L’Italie d’hier/Simon Memmi

Charpentier & Fasquelle (p. 78-79).

Simon Memmi. — Une « Annonciation ». Grande peinture dans les architectures romano-byzantines, égayée de carrelages aux mille couleurs : peinture toute riche, toute somptueuse, toute luxueuse d’étoffes, toute orientale, et comme meublée des présents des rois Mages.

Une Vierge, au bandeau d’orfèvrerie garni de pierres précieuses, à la robe d’azur, à demi retroussée sur sa cathèdre, la figure baissée, une main sur son cœur, l’autre tenant un livre, qui s’est refermé sur son pouce, dans une pose de modestie effarouchée, dans une reculade de pieux effroi, sa petite bouche contractée, presque chagrine.
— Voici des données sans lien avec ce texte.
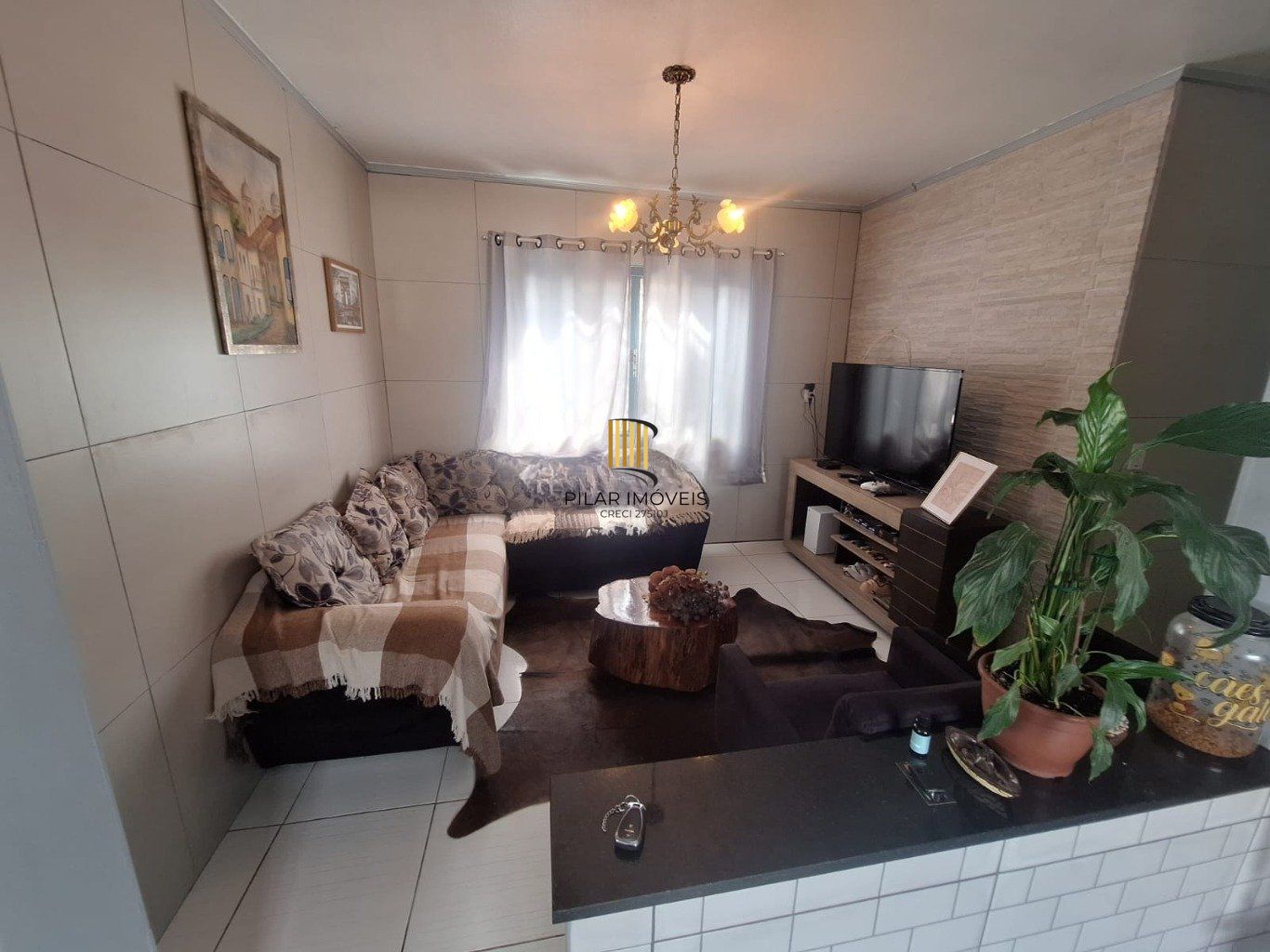 Casa com 2 dormitórios, sendo 1 suíte e 2 vaga de garagem coberta em canoas.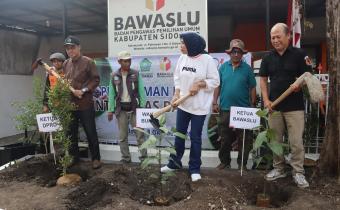 PENANAMAN POHON INTEGRITAS BAWASLU SIDOARJO BERSAMA WAKIL BUPATI, KETUA DPRD, DAN PIMPINAN OPD SIDOARJO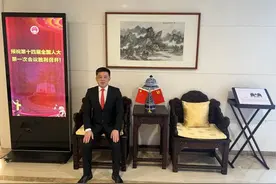 陈玉树为两会创作新时代古典家具图片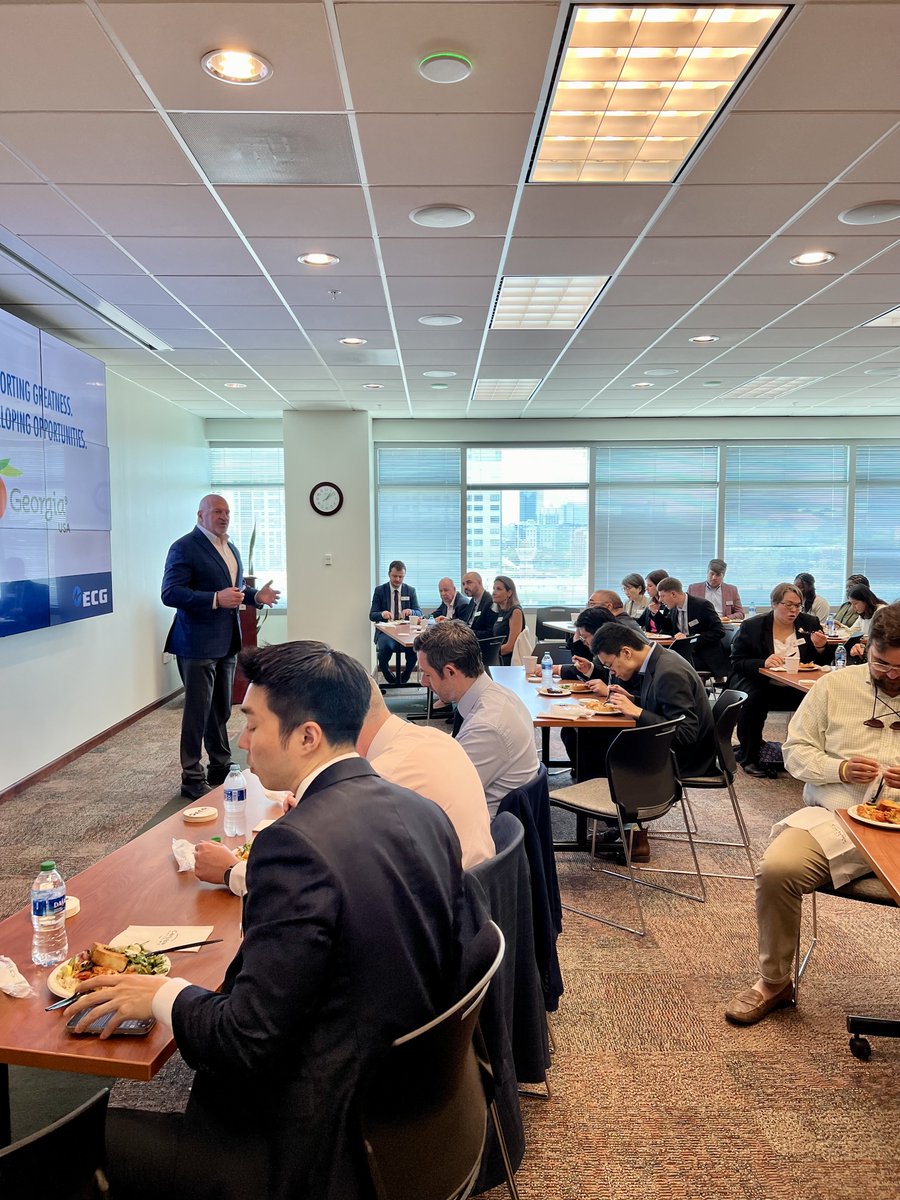 ECGLocationGA's tweet image. 𝙎𝙤𝙪𝙩𝙝𝙚𝙧𝙣 𝙝𝙤𝙨𝙥𝙞𝙩𝙖𝙡𝙞𝙩𝙮 𝙢𝙚𝙚𝙩𝙨 𝙜𝙡𝙤𝙗𝙖𝙡 𝙞𝙢𝙥𝙖𝙘𝙩!
As we kick off #EconDevWeek, we&apos;re glad to welcome @gdecd International Representatives from across the globe to our ECG Offices.
Welcome to Georgia!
Devant, jaillissant d’un calice d’or, un lys tout chargé de fleurs, se dresse comme une barrière entre la Vierge et un ange, l’ange de l’Annonciation, vêtu d’une lobe blanche aux tons changeants, et comme reflétée de lapis lazuli en ses légères ombres, et élincelante en sa lumière, d’une jonchée de fleurettes d’or, pareille à la dentelle aux petits fers d’une reliure, et qui fait comme un fourmillement d’or sur la neige. De la bouche de l’ange agenouillé se déroule, ainsi qu’en un phylactère, ces mots gaufrés sur le fond de la toile : « Ave Maria, gratiâ plena, Dominus tecum. »

Cet ange de l’Annonciation, un ange déconcertant, presque satanique avec ses ombres et ses demi-teintes, doucement verdâtres, dans des chairs veloutées du ton rose des pastels du dix-huitième siècle, avec son long cou de serpent, avec son regard, dont l’étroit filet blanc de l’œil, entre les deux lignes à demi fermées des paupières, luit comme l’acier d’une lame de couteau, — avec l’étrangeté de sa beauté perverse.